Aujourd’hui, après une vaste consultation publique et un dialogue étroit avec les régulateurs nationaux des télécommunications et les autorités nationales de la concurrence, la Commission a décidé de raccourcir cette liste de 50 %, en partie en fusionnant des marchés. Elle vise ainsi à alléger considérablement le poids que représente la régulation pour le secteur privé et les régulateurs.

La plupart des marchés de détail de la liste ont été supprimés, étant donné qu'une régulation efficace des marchés de gros, qui fait l’objet d’un contrôle de la Commission, permet de protéger l'utilisateur final dans tous les États membres de l'UE. Un certain nombre de marchés de gros ont également été supprimés, après que la plupart des régulateurs nationaux ont constaté qu’une concurrence effective y régnait.

Les marchés qui ne figurent désormais plus dans la recommandation sont:

  • services téléphoniques locaux et/ou nationaux à partir d’un téléphone fixe pour la clientèle résidentielle (marché 3)
  • services téléphoniques internationaux à partir d’un téléphone fixe pour la clientèle résidentielle (marché 4)
  • services téléphoniques locaux et/ou nationaux à partir d’un téléphone fixe pour la clientèle non résidentielle (marché 5)
  • services téléphoniques internationaux à partir d’un téléphone fixe pour la clientèle non résidentielle (marché 6)
  • ensemble minimal de lignes louées (marché 7)
  • services de transit sur le réseau téléphonique fixe (marché 10)
  • fourniture en gros de segments de lignes louées sur le circuit interurbain (marché 14)
  • accès et départ d'appel sur les réseaux téléphoniques mobiles (marché 15)
  • itinérance internationale sur les réseaux téléphoniques mobiles[1] (marché 17)
  • radiodiffusion (marché 18)

Sur ces marchés, la Commission ne voit plus de raisons a priori pour que les régulateurs nationaux des télécommunications imposent une régulation sectorielle ex ante; ils devraient désormais être pris en charge essentiellement par les autorités de la concurrence, au moyen d’instruments ex post. Il reste toutefois possible à un régulateur national des télécommunications de démontrer, au moyen d’une analyse de marché bien fondée, que, dans son pays, la concurrence est encore gravement entravée sur un des marchés ci-dessus. Dans de telles circonstances, une régulation sectorielle pourrait être maintenue. Ce cas risque de se poser en particulier dans certains nouveaux États membres de l'UE.

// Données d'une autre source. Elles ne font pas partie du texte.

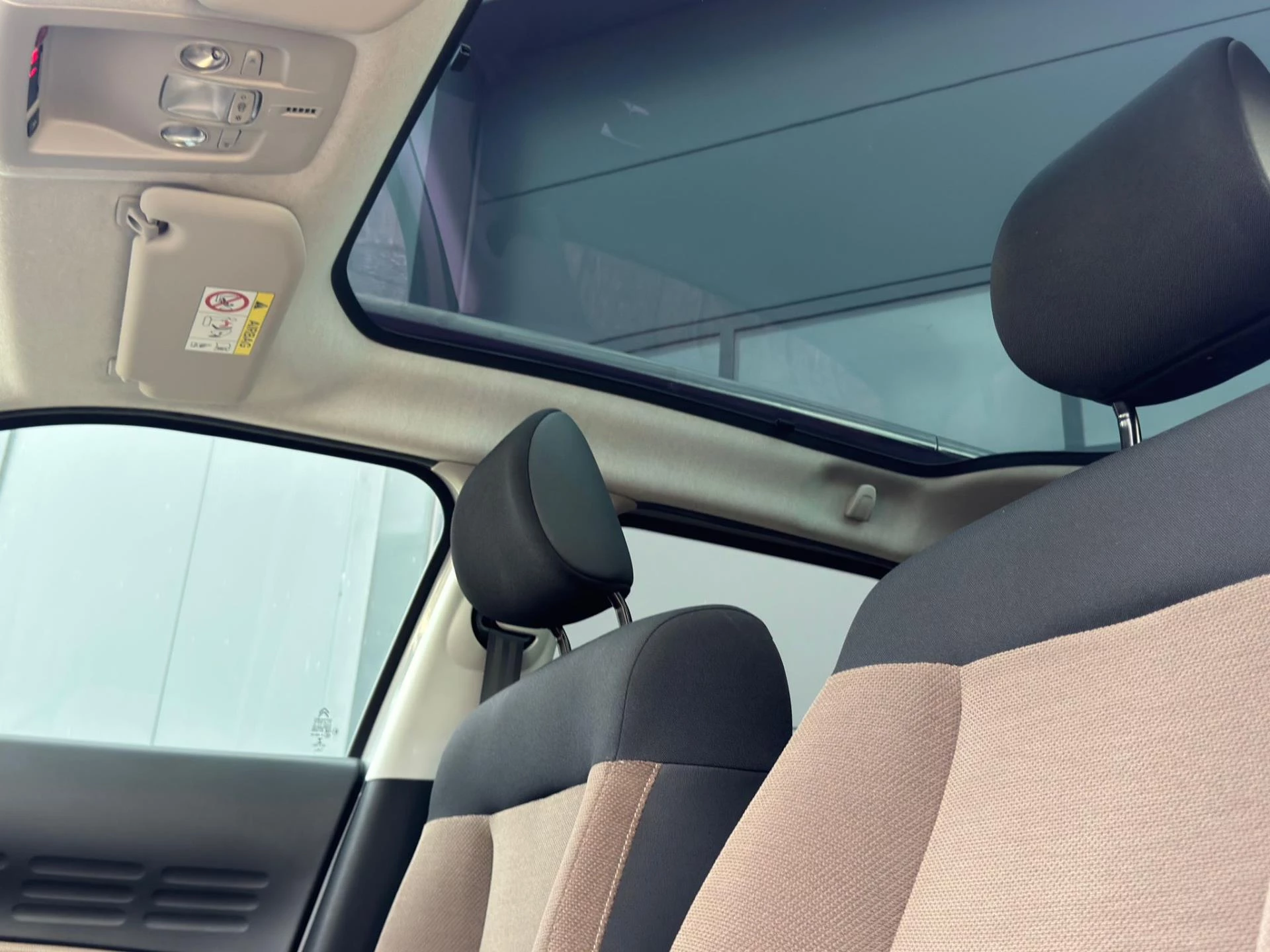 Hoofdafbeelding Citroën C4 Cactus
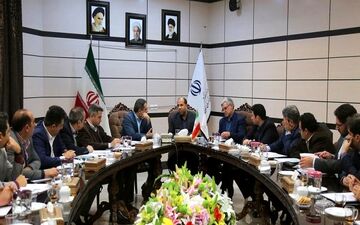استاندار خراسان شمالی: وجود معادن باید مورد حمایت و تقویت قرار گیرد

Désormais, la Commission et les régulateurs nationaux recentreront leurs efforts sur les marchés où la concurrence n'est pas encore effective et où les bénéfices pour le consommateur sont encore très souvent absents:

  • accès au réseau téléphonique fixe (anciennement marchés 1 et 2)
  • départ d'appel sur le réseau téléphonique fixe (anciennement marché 8)
  • terminaison d'appel sur divers réseaux téléphoniques individuels fixes (anciennement marché 9)
  • fourniture en gros d’accès à la boucle locale (anciennement marché 11)
  • fourniture en gros d'accès à large bande (anciennement marché 12)
  • fourniture en gros de segments de lignes louées (anciennement marché 13)
  • terminaison d'appel vocal sur les réseaux mobiles individuels (anciennement marché 16)

La nouvelle recommandation de la Commission sur les marchés pertinents est immédiatement applicable.

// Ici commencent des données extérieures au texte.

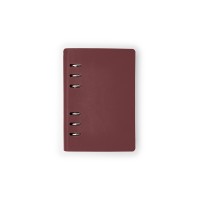 Ежедневник недатированный А5 «Firenze», бордовый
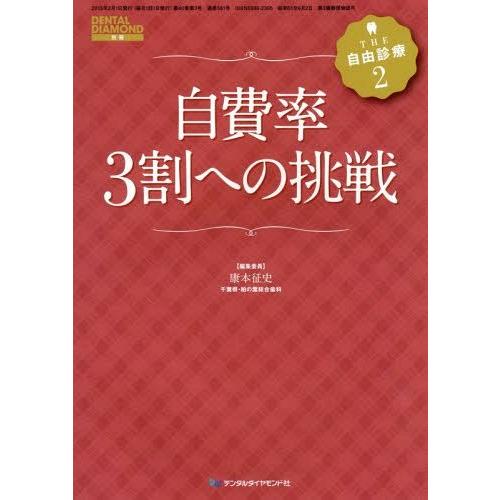 自費率3割への挑戦 THE自由診療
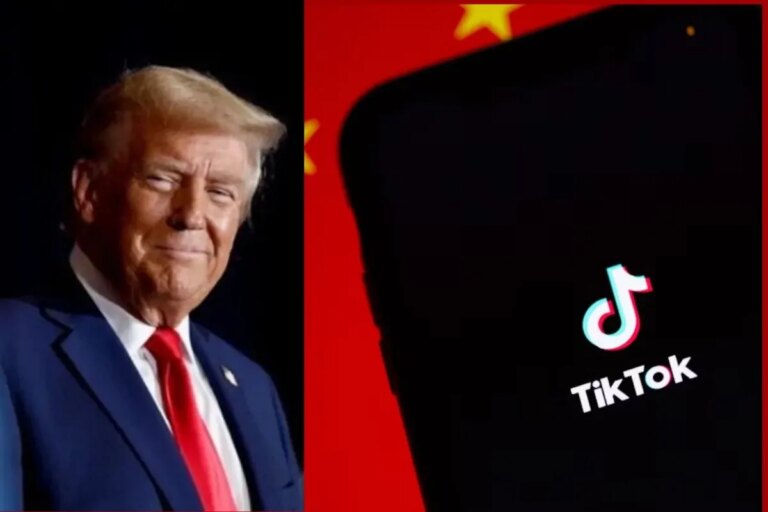 Why did Trump postpone Tiktok's sale?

Pour de plus amples informations:

MEMO/07/457 et MEMO/07/458
Dossier de presse comprenant tous les documents du nouveau paquet télécom:

http://ec.europa.eu/information_society/newsroom/cf/itemlongdetail.cfm?item_id=3701
Site web eCommunications:

http://ec.europa.eu/ecomm


[1] Les problèmes de ce marché ont été réglés par le règlement de l’UE sur l’itinérance, qui est entré en vigueur le 30 juin et a permis d’obtenir une réduction des tarifs d’itinérance de 60 % (voir IP/07/1445). Avant la fin de 2008, il sera décidé d’étendre ou non ce règlement aux services d’itinérance pour les données.